Für Eltern in Thailand ist die Mönchsweihe eines ihrer Söhne der absolute Höhepunkt im Leben und trägt ihnen Verdienste ein, ohne dass sie dafür etwas tun müssen (ausser natürlich die Mönchsweihe ihres Sohnes zu unterstützen). In Thailand ist es üblich, dass junge Männer über zwanzig für kurze Zeit ins Kloster gehen, traditionellerweise drei Monate, und dabei die Grundlagen des Buddhismus kennen lernen und praktizieren. In Thailand ist das Mönchtum auf Zeit möglich, so dass die jungen Mönche ohne negative Konsequenzen den Mönchsorden wieder verlassen dürfen, wenn die Feldarbeit ruft oder das neue Semester an der Universität beginnt. Die Zahl der Mönche ist deshalb schwankend und ungesichert; sie dürfte zwischen 230’000 und 250’000 Mönchen liegen; sie verteilen sich auf rund 39’000 Tempel.
Dagegen beträgt die Zahl der Nonnen (Mäh chie) nur etwa 20’000; sie befolgen acht oder zehn Gebote und gehören nicht zur Mönchsgemeinschaft; sie verrichten Hilfsdienste im (von Männern dominierten) Tempel oder leben in eigenen Gemeinschaften ohne Mönche.

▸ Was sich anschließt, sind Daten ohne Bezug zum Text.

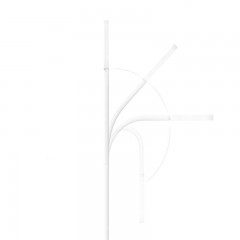 Lampara Led Inteligente Yeelight Portable Blanca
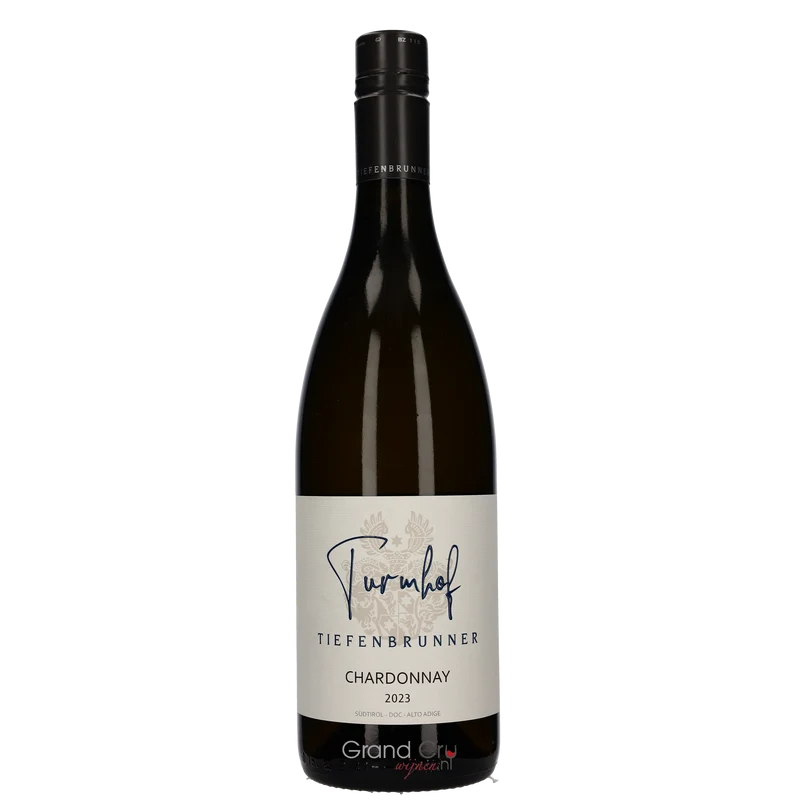 2023 Tiefenbrunner Turmhof Chardonnay
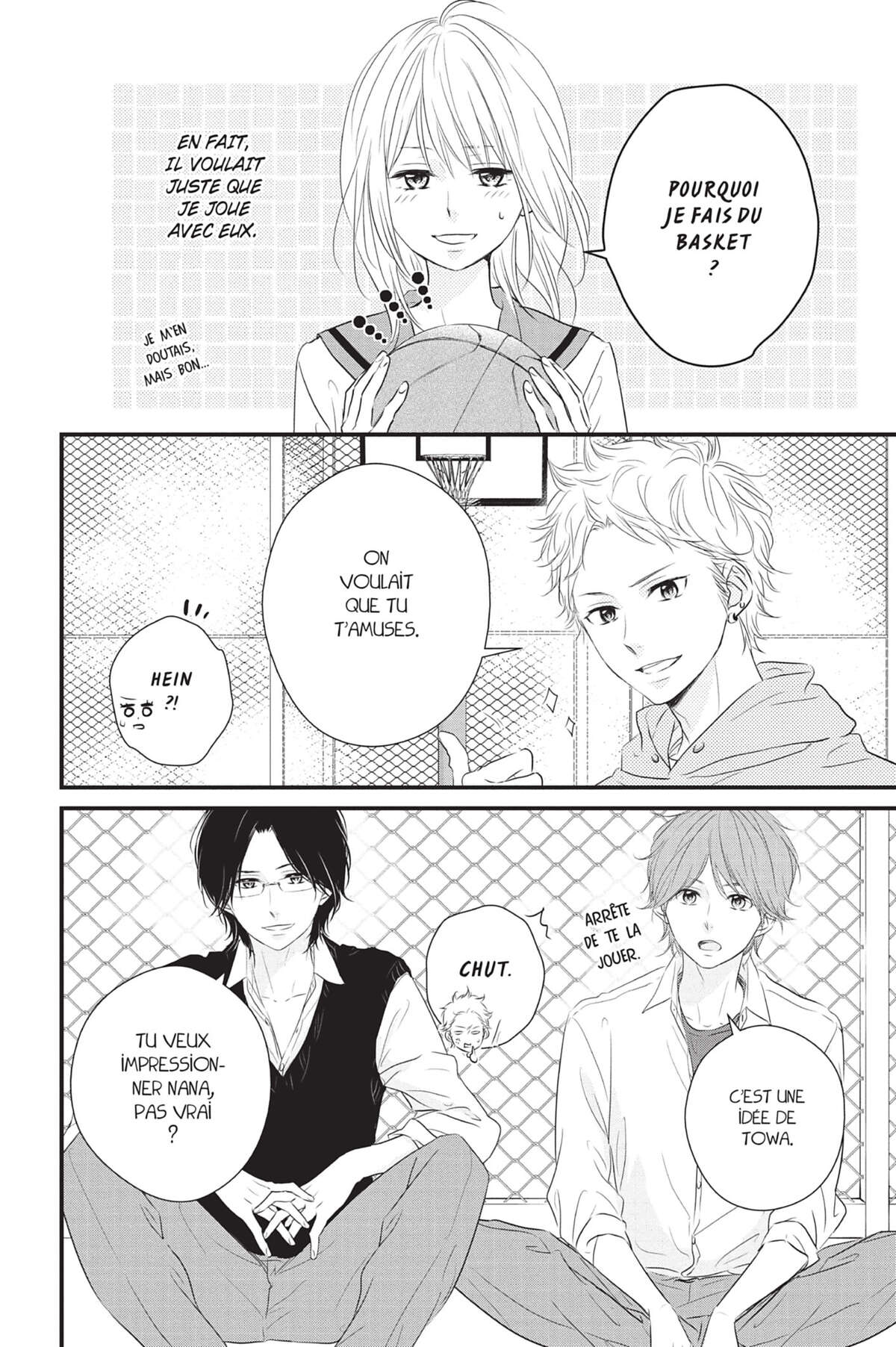Waiting for Spring Volume 2 page 60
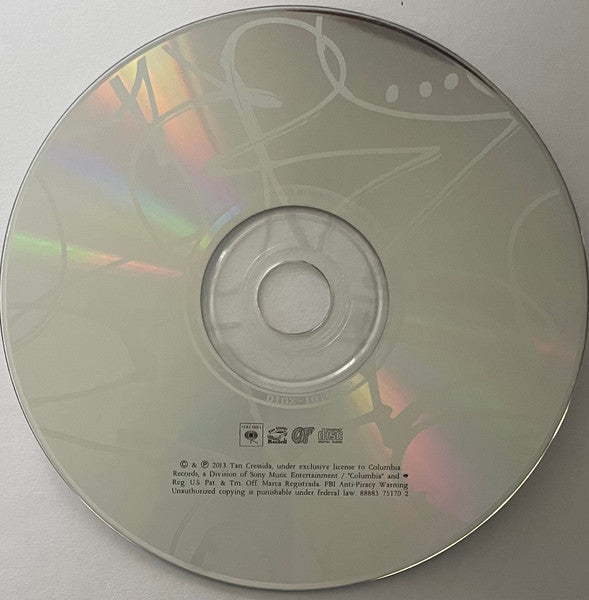 Earl Sweatshirt - Doris (CD) | Mint (M) Mint (M)-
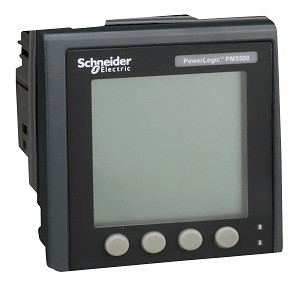 METSEPM5560 | PowerLogic PM5000 Series Power Meter | Schneider Electric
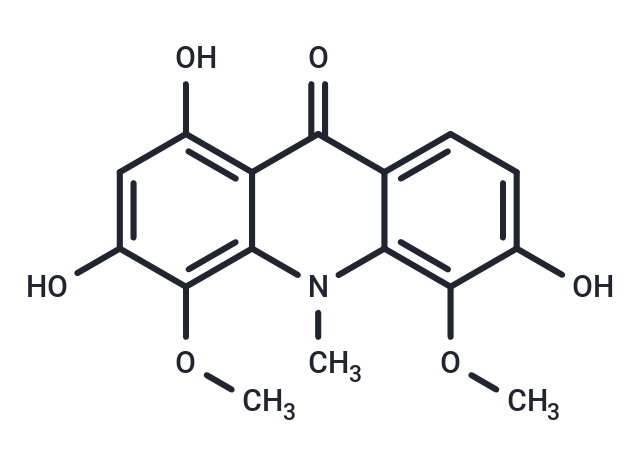 Buxifoliadine H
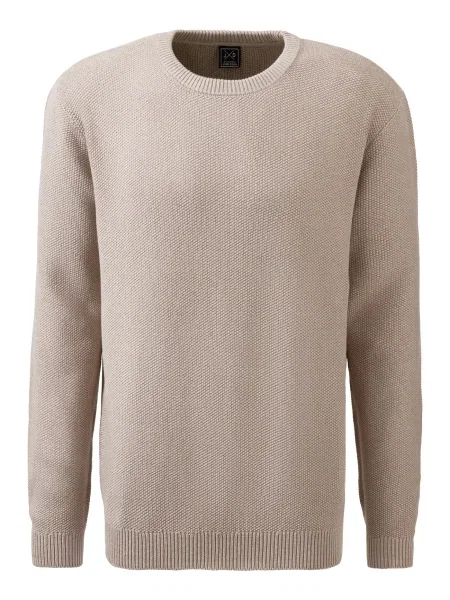 JOHN DEVIN Svetr béžová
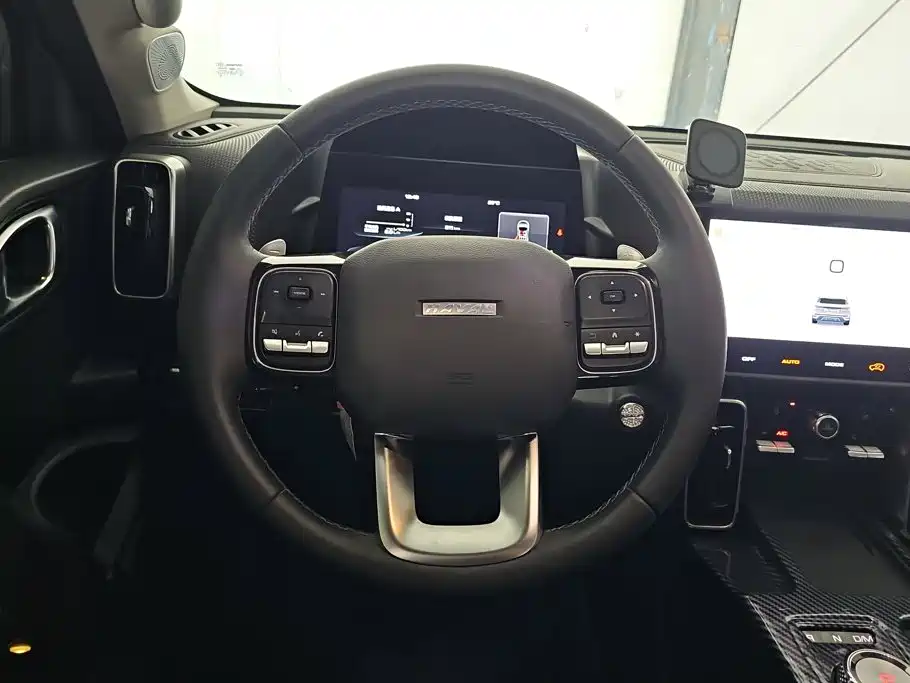 Haval Big Dog — фото 15
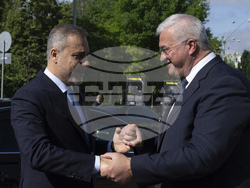 Russia Ukraine War Turkey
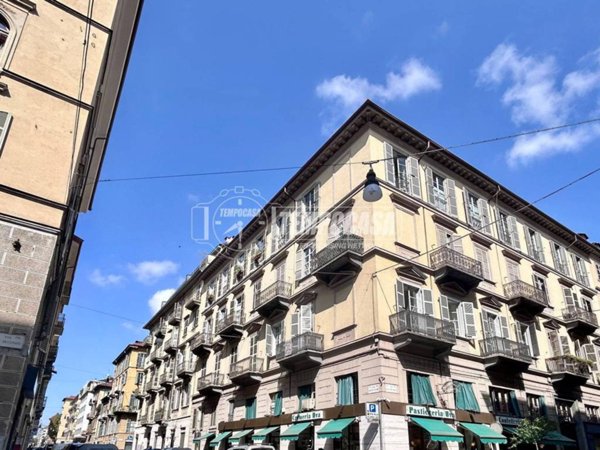 appartamento in vendita a Torino in zona Crocetta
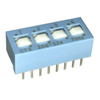 DIP Switches - 206-124 - ODG (Origin Data Global)
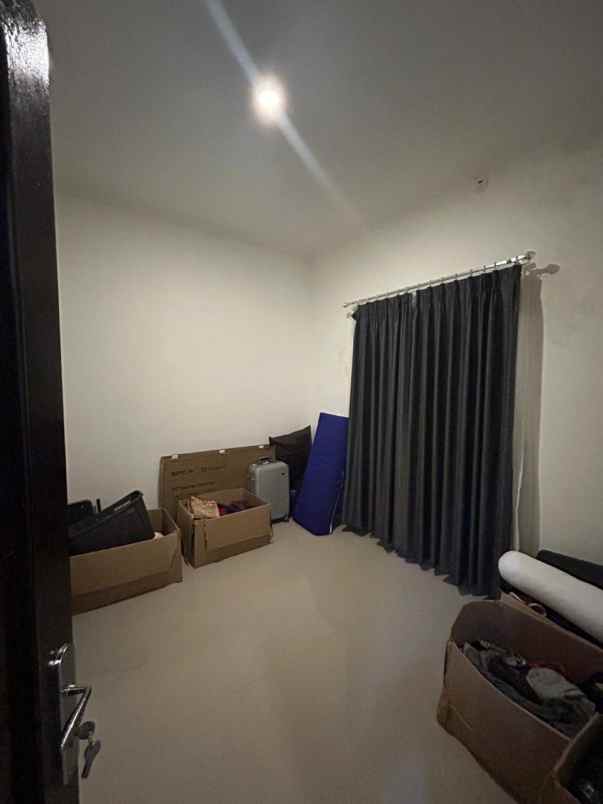 dijual rumah cilodong depok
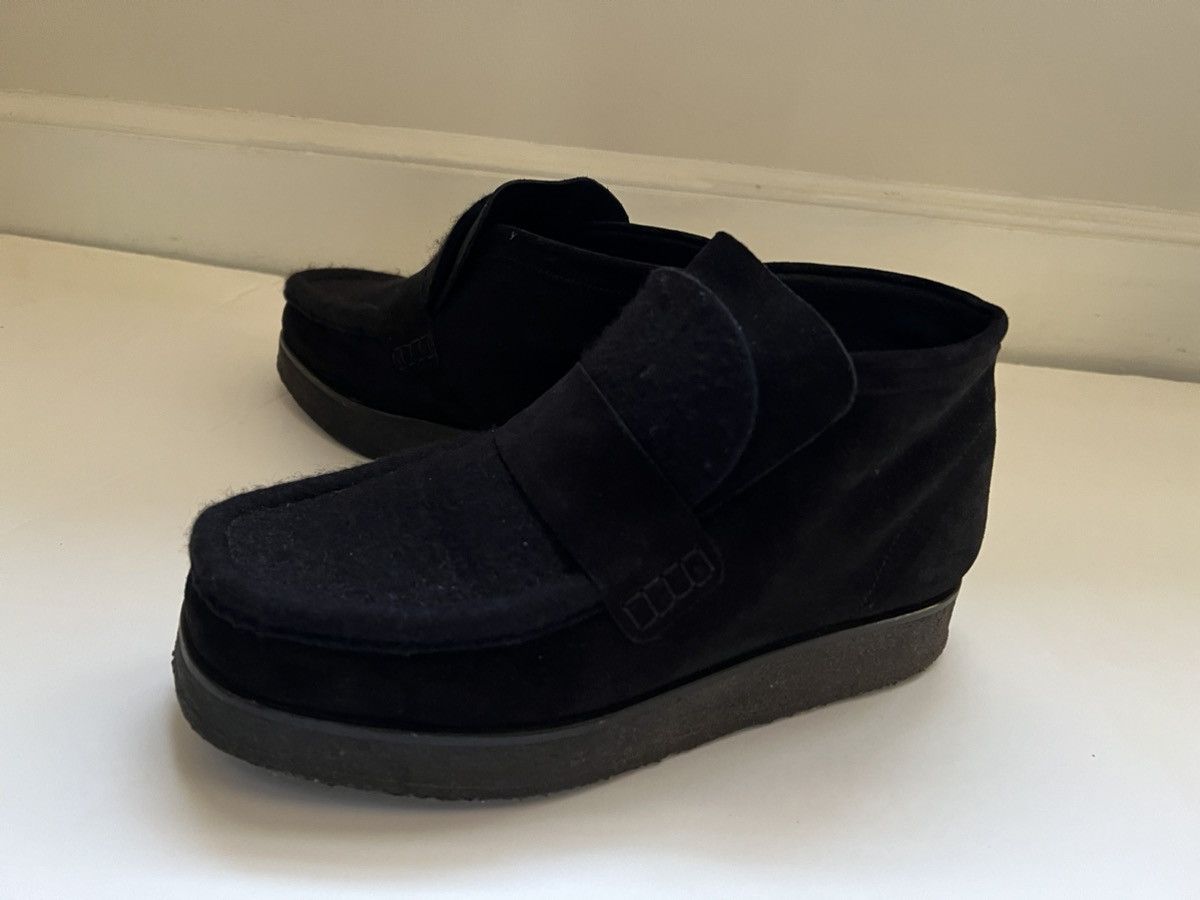 Acne Studios Acne Roony Boots Size US 7 / EU 40 - 4 Thumbnail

Voll ordinierte Nonnen (Mönchinnen) werden von den Mönchsbehörden in Thailand nicht anerkannt. Eine Thailänderin erhielt 1971 in Taiwan die Mönchsweihe in der Mahayana-Tradition. Ein weiterer Einbruch in die Phalanx der Männer erfolgte im Februar 2003, als erstmals eine Thailänderin als weiblicher Mönch in der Theravada-Tradition ordiniert wurde. Der Zeremonie stand eine ordinierte Nonne aus Sri Lanka vor, begleitet von Bhikkuni (weibliche Form von Bhikku) aus Sri Lanka, Taiwan und Indonesien. Rund zwei Jahre später wurden in Thailand hundert Nonnen und Novizinnen gezählt. Im November 2014 liessen sich 47 Frauen in Songkla ordinieren, acht als Mönchinnen und 39 als Novizinnen. Ab 2015 kann Dammanandha Bikkhuni, wie sich die 2003 ordinierte Nonne nennt, Äbtissin von Wat Songdham Kalayani in Nakhon Pathom, selbst in Thailand Mönchsweihen durchführen. Frauen, die für die Mönchsweihe bereit sind, müssen nicht mehr nach Sri Lanka reisen oder ausländische Mönche nach Thailand kommen lassen. Die Mönchsregeln sehen vor, dass eine ordinierte Nonne frühestens zehn Jahre nach ihrer Ordination andere Frauen lehren und ordinieren darf, genau gleich wie bei den Männern.